Work instructions –
Starting at the line with "Used Cobra KING", copy each line through the last one below exactly as written, without any pictures.

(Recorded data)
______________________________

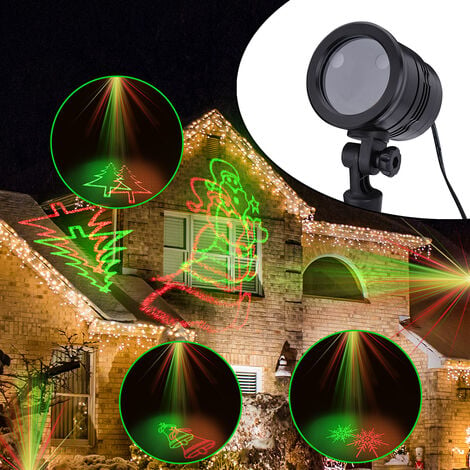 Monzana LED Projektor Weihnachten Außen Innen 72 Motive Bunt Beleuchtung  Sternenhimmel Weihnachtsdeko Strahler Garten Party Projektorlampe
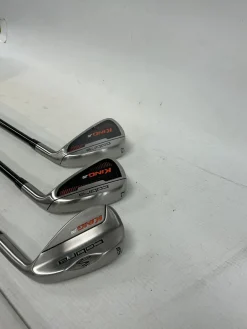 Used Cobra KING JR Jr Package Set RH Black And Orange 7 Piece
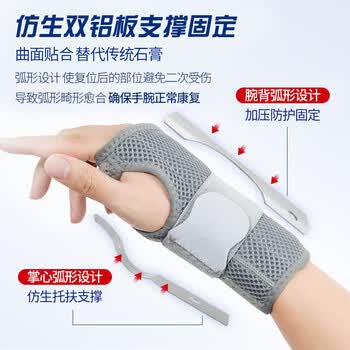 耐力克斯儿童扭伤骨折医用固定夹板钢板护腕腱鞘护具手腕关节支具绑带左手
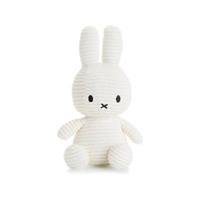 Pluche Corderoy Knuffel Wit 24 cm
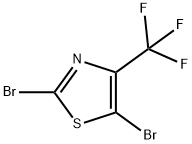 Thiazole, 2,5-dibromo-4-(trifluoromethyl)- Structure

______________________________

Output of the task –
 Used Cobra KING JR Jr Package Set RH Black And Orange 7 Piece
 耐力克斯儿童扭伤骨折医用固定夹板钢板护腕腱鞘护具手腕关节支具绑带左手
 Pluche Corderoy Knuffel Wit 24 cm
 Thiazole, 2,5-dibromo-4-(trifluoromethyl)- Structure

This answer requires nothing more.